Activity: Retype, without changes or pictures, only the lines that begin at the one containing "May include: A" and end at the last line of the records that follow.

Study material:
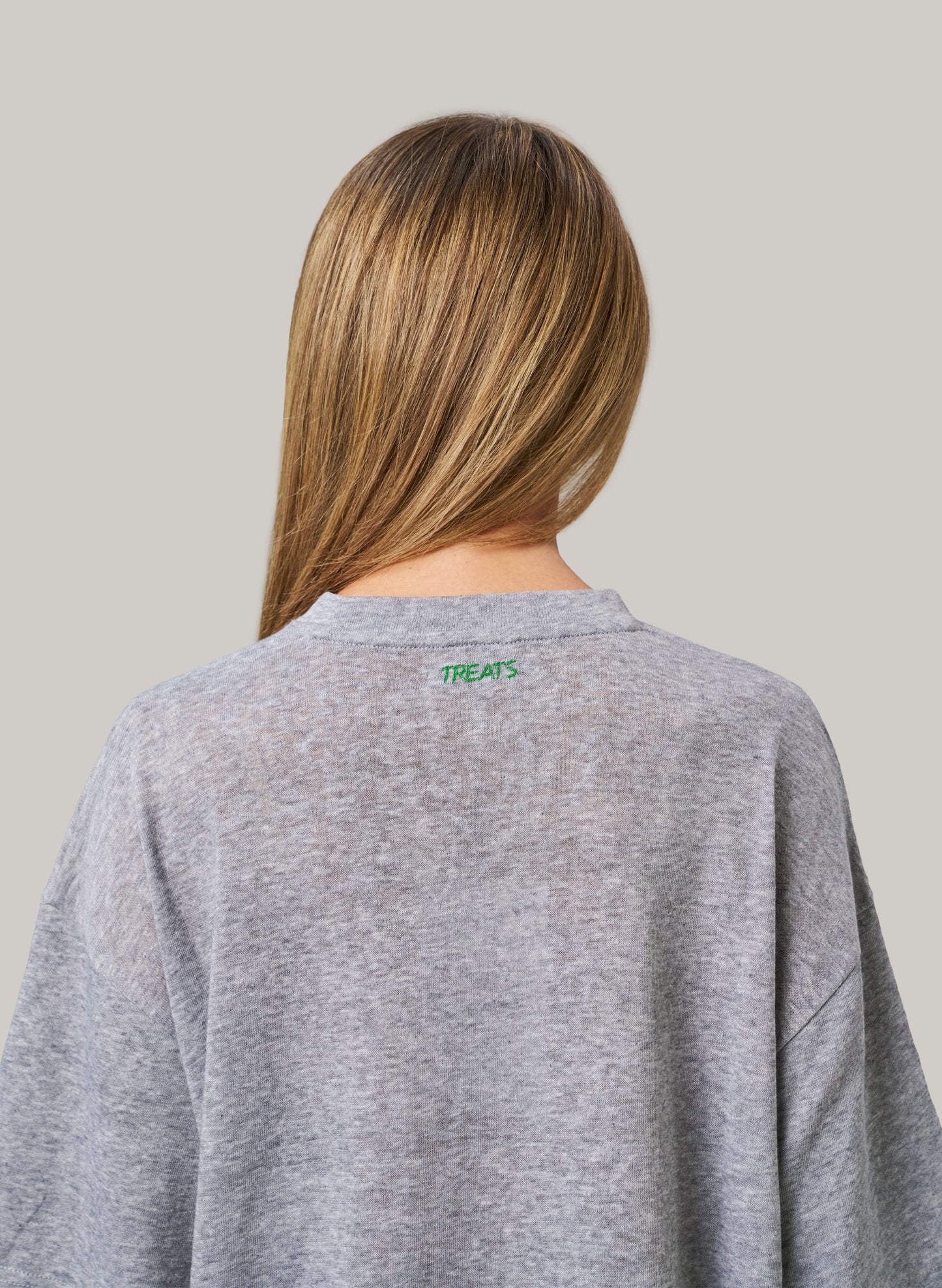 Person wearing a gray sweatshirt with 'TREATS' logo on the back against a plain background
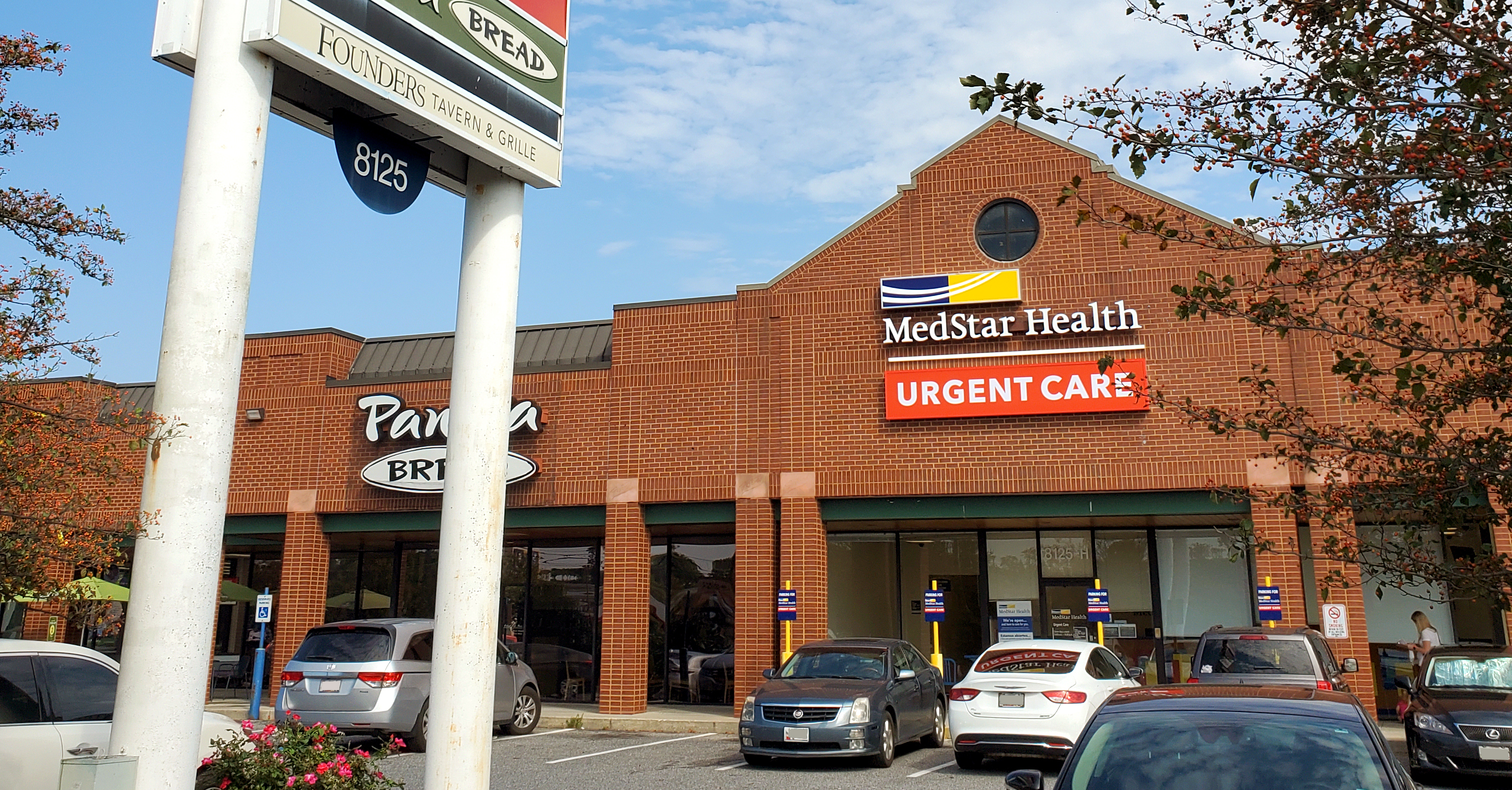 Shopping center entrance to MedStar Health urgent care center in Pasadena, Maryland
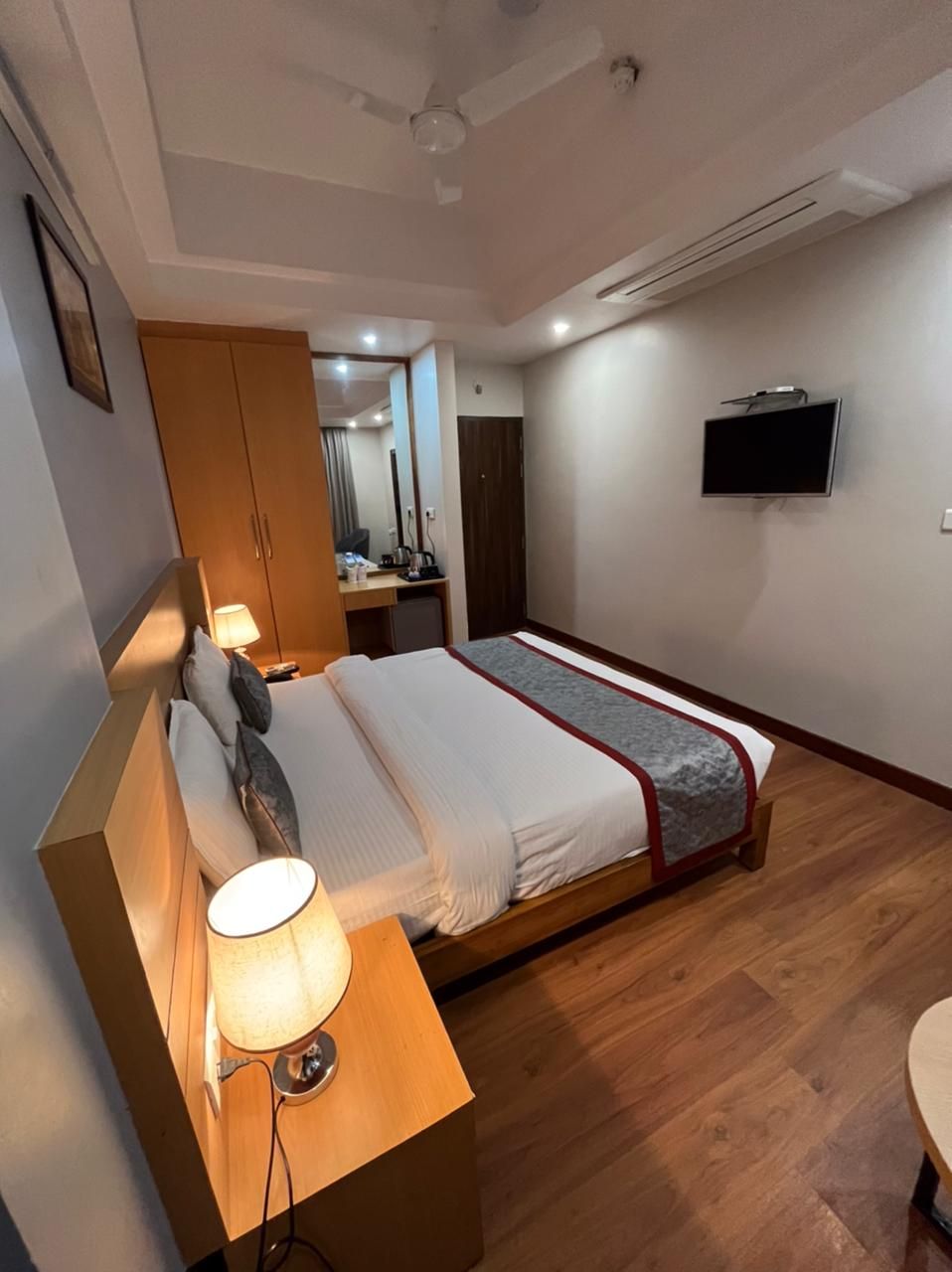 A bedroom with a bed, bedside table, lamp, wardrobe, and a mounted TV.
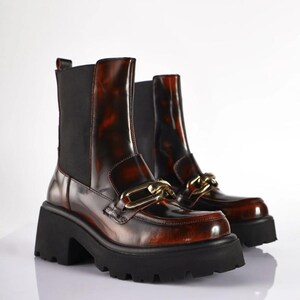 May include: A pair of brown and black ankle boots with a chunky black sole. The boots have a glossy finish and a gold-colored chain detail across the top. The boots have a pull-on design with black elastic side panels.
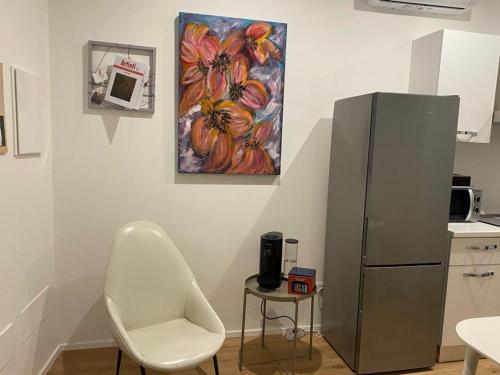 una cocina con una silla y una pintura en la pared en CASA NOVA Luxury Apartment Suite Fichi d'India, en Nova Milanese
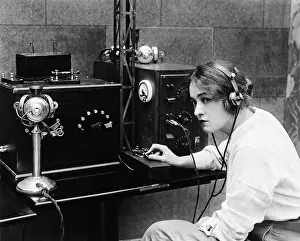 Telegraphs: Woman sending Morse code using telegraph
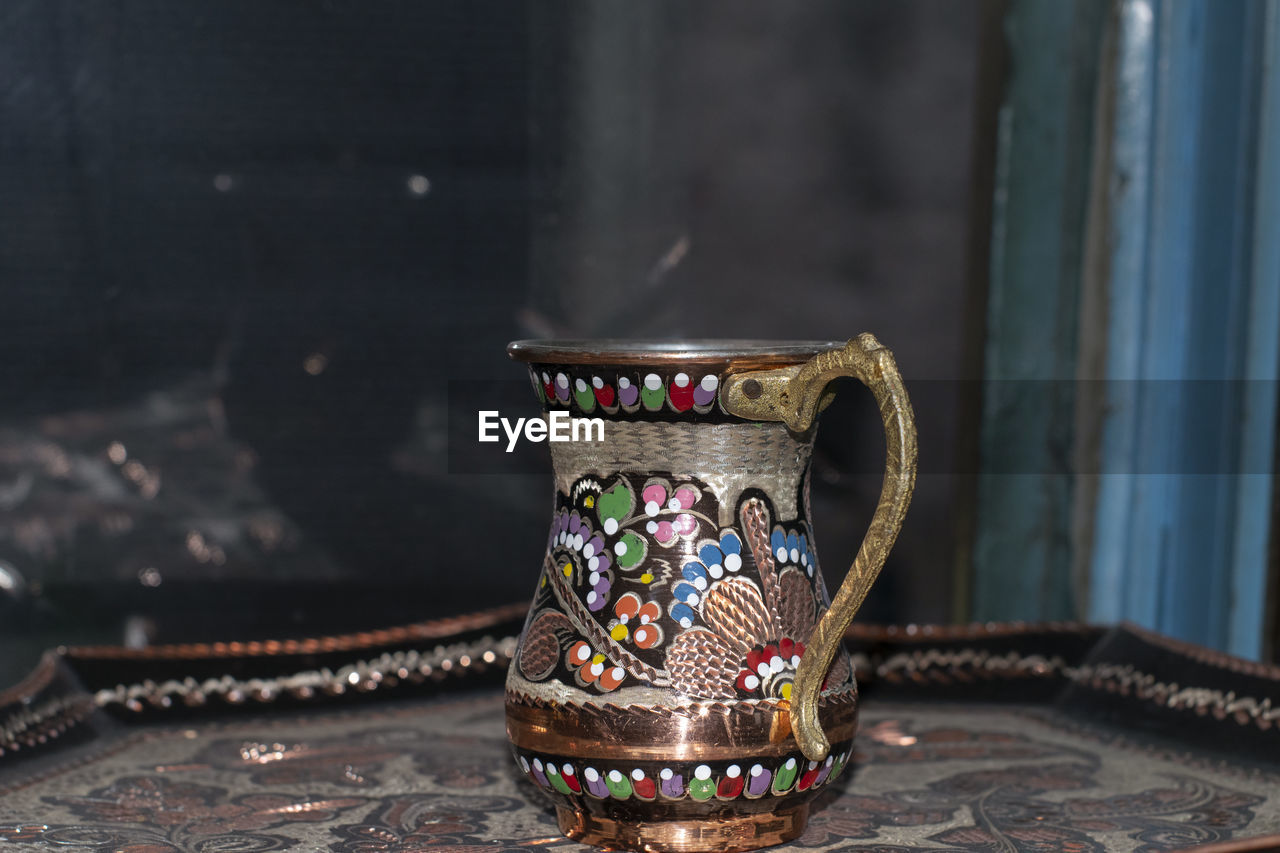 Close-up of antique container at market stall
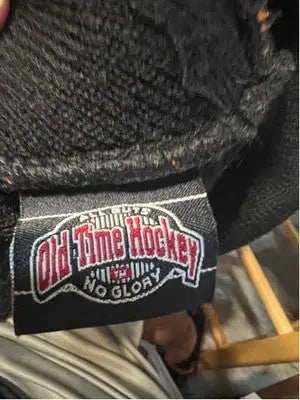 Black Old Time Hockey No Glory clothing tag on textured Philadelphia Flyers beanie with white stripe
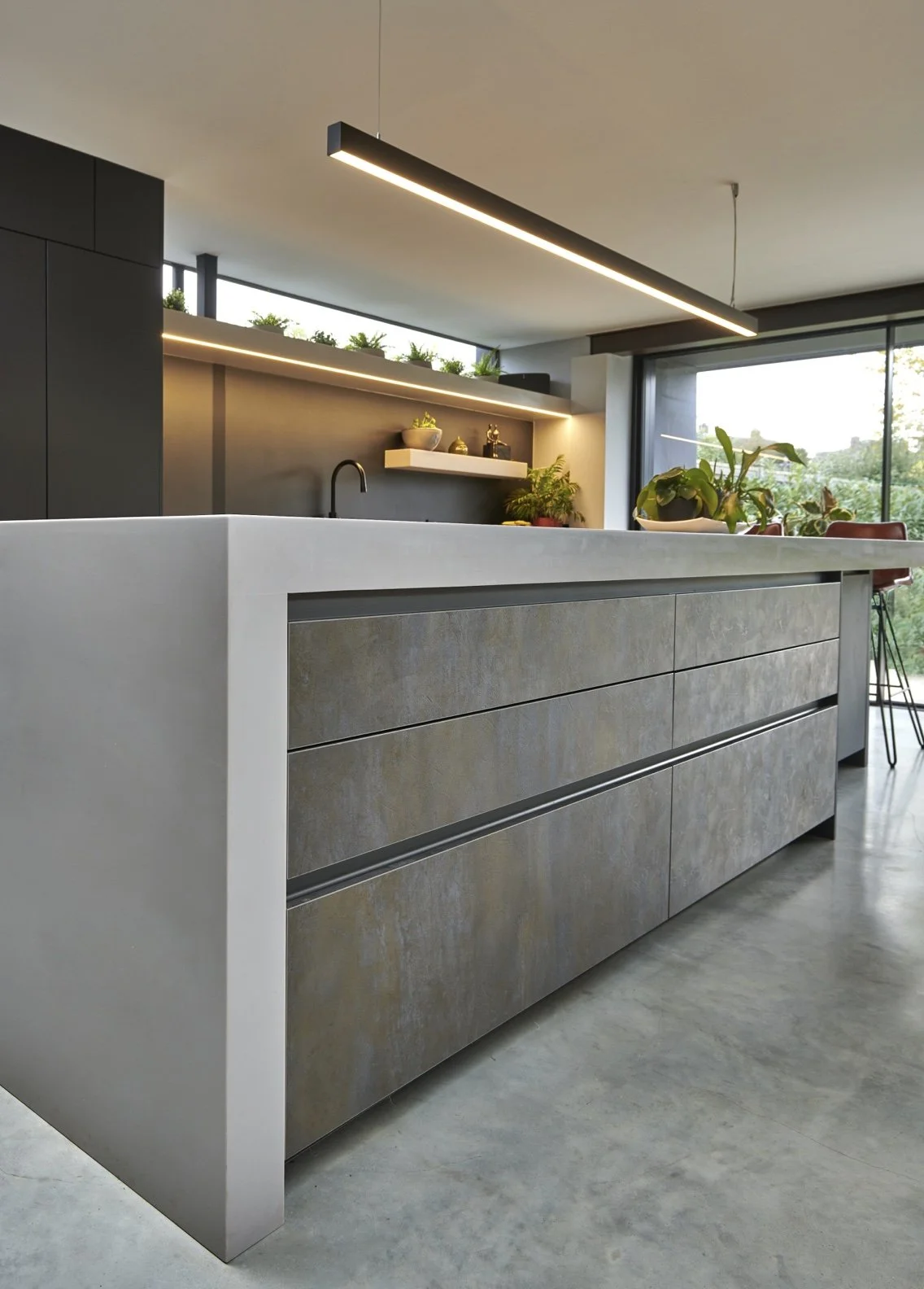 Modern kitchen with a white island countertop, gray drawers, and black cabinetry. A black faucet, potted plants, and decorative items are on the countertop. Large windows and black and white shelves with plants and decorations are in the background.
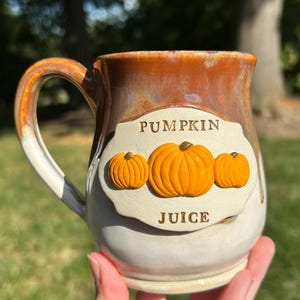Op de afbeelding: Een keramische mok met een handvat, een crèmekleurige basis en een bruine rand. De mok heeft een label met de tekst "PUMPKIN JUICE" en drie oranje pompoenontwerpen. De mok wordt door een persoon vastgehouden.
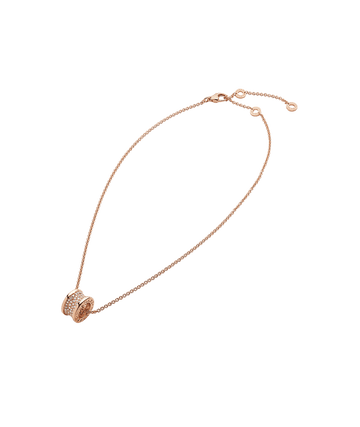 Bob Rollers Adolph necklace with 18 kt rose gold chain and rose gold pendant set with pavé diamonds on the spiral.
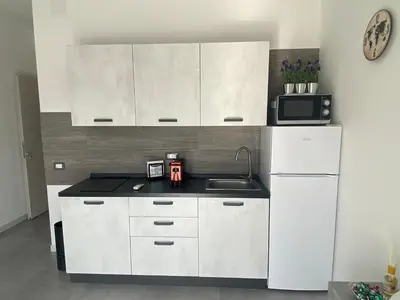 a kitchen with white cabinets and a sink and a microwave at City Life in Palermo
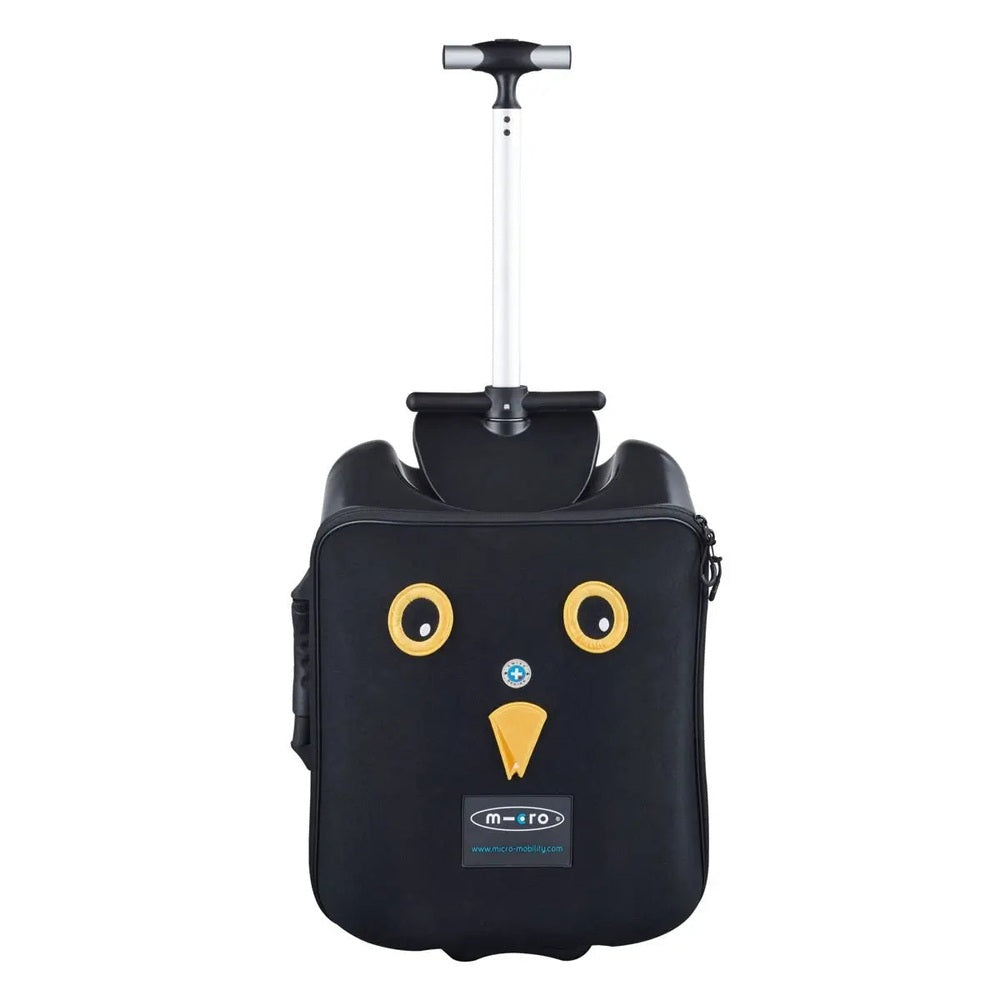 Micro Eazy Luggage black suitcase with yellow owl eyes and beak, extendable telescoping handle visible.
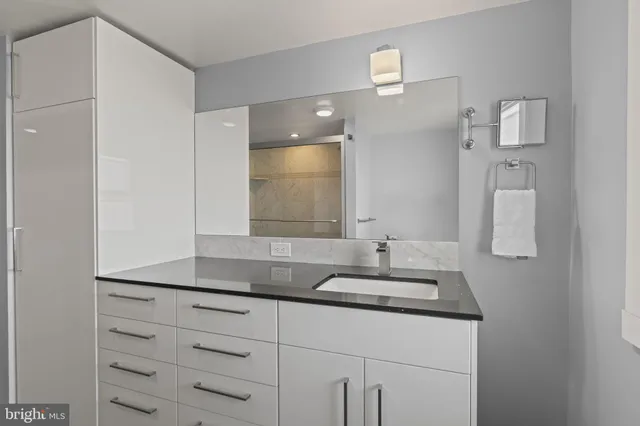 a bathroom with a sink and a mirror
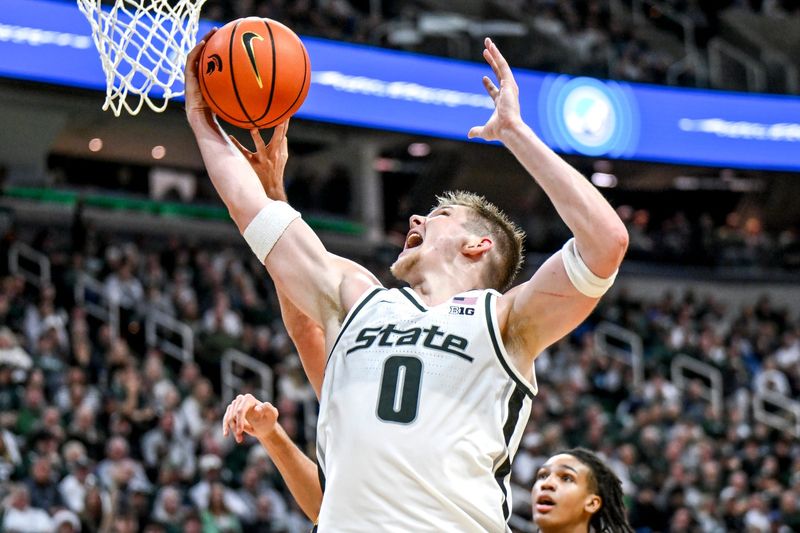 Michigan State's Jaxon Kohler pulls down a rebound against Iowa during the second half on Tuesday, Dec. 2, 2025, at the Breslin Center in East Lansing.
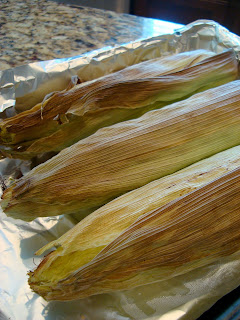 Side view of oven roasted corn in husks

Result for this task:
 May include: A pair of brown and black ankle boots with a chunky black sole. The boots have a glossy finish and a gold-colored chain detail across the top. The boots have a pull-on design with black elastic side panels.
 una cocina con una silla y una pintura en la pared en CASA NOVA Luxury Apartment Suite Fichi d'India, en Nova Milanese
 Telegraphs: Woman sending Morse code using telegraph
 Close-up of antique container at market stall
 Black Old Time Hockey No Glory clothing tag on textured Philadelphia Flyers beanie with white stripe
 Modern kitchen with a white island countertop, gray drawers, and black cabinetry. A black faucet, potted plants, and decorative items are on the countertop. Large windows and black and white shelves with plants and decorations are in the background.
Op de afbeelding: Een keramische mok met een handvat, een crèmekleurige basis en een bruine rand. De mok heeft een label met de tekst "PUMPKIN JUICE" en drie oranje pompoenontwerpen. De mok wordt door een persoon vastgehouden.
 Bob Rollers Adolph necklace with 18 kt rose gold chain and rose gold pendant set with pavé diamonds on the spiral.
 a kitchen with white cabinets and a sink and a microwave at City Life in Palermo
 Micro Eazy Luggage black suitcase with yellow owl eyes and beak, extendable telescoping handle visible.
 a bathroom with a sink and a mirror
 Michigan State's Jaxon Kohler pulls down a rebound against Iowa during the second half on Tuesday, Dec. 2, 2025, at the Breslin Center in East Lansing.
 Side view of oven roasted corn in husks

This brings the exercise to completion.